Input data:

▶

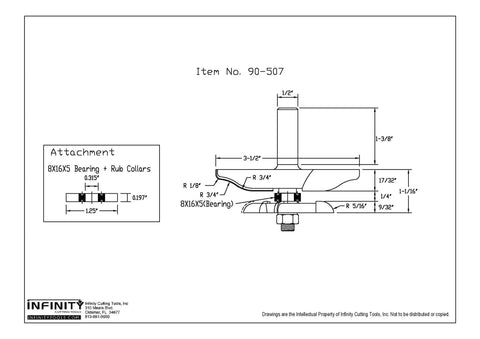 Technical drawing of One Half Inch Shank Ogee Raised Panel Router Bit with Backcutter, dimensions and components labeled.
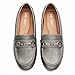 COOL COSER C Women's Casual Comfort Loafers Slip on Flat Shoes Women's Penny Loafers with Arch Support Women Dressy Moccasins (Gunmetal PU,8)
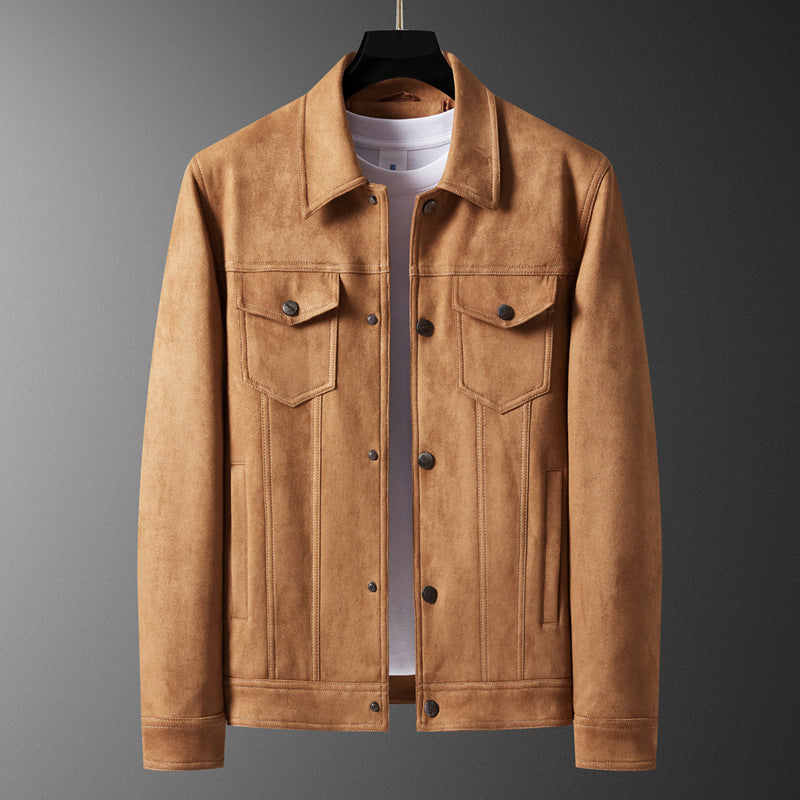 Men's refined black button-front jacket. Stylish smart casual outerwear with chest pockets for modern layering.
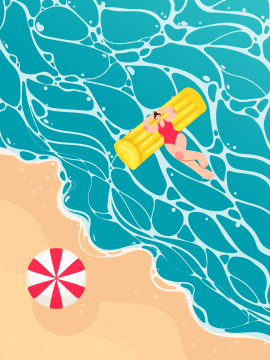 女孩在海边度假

◀
▶

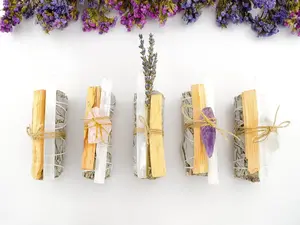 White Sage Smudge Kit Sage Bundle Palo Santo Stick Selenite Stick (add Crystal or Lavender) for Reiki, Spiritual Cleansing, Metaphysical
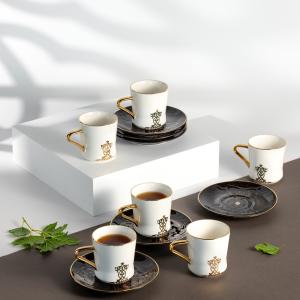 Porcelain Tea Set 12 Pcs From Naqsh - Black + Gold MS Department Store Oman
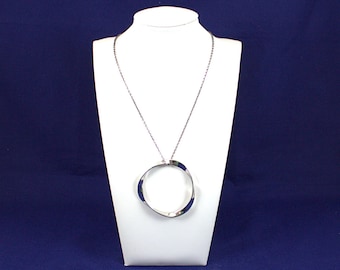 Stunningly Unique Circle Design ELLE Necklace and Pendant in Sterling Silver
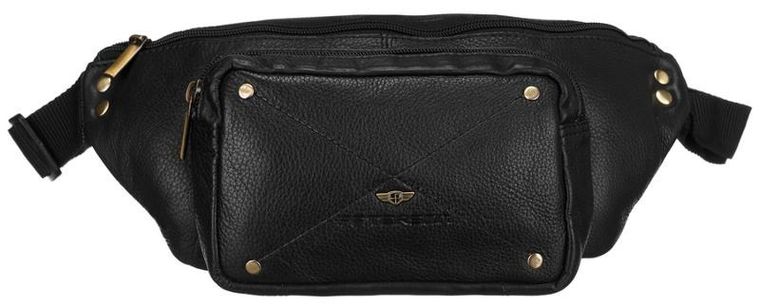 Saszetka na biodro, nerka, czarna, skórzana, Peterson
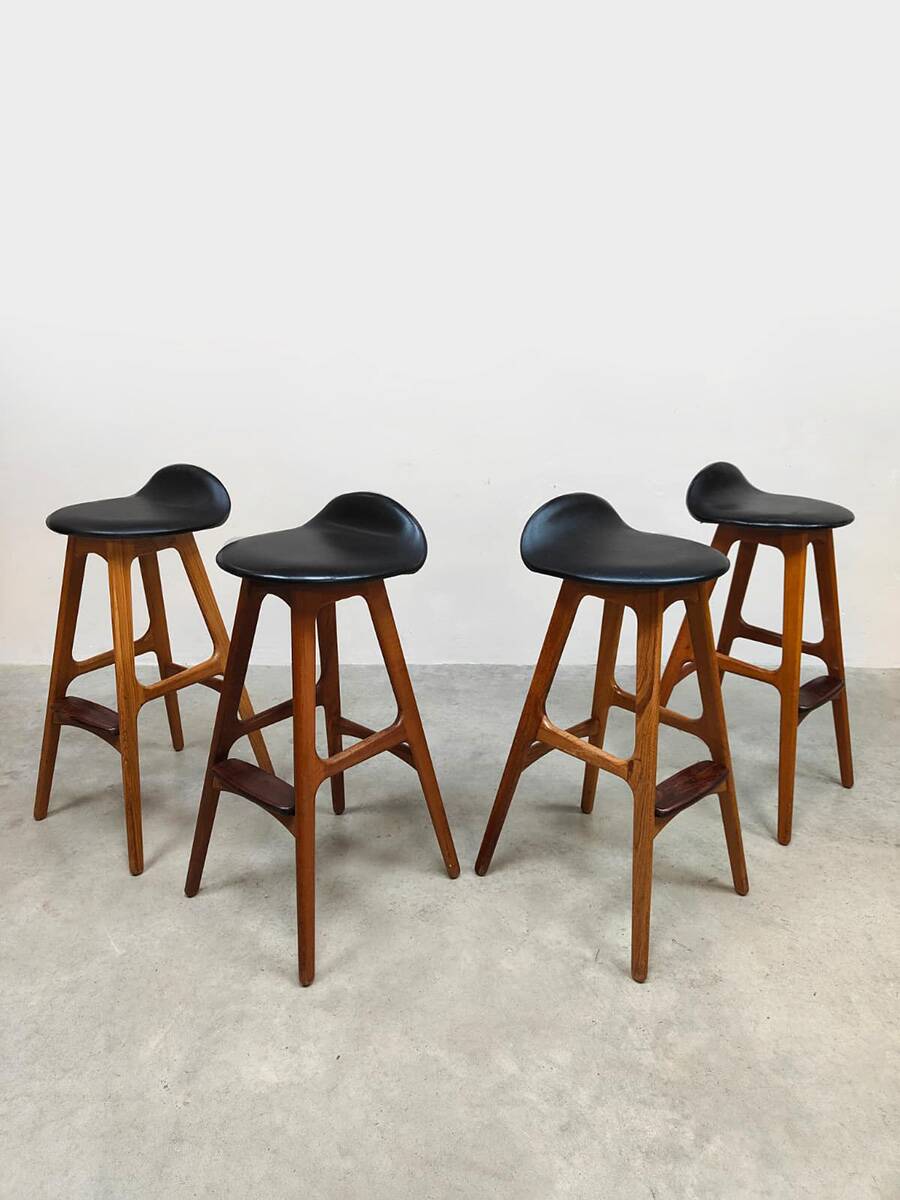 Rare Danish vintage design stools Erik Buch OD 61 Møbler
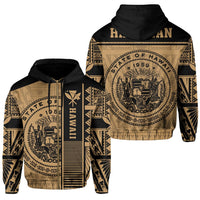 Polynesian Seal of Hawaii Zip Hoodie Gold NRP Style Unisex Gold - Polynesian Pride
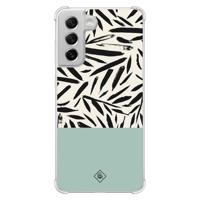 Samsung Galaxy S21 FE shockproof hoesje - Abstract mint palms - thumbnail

◀

Task goal: Within the material above, find the part that opens with the line containing "Polynesian Seal of" and closes with the line containing "Samsung Galaxy S21", and reproduce it exactly without the pictures.

Written response:
 Polynesian Seal of Hawaii Zip Hoodie Gold NRP Style Unisex Gold - Polynesian Pride
 Samsung Galaxy S21 FE shockproof hoesje - Abstract mint palms - thumbnail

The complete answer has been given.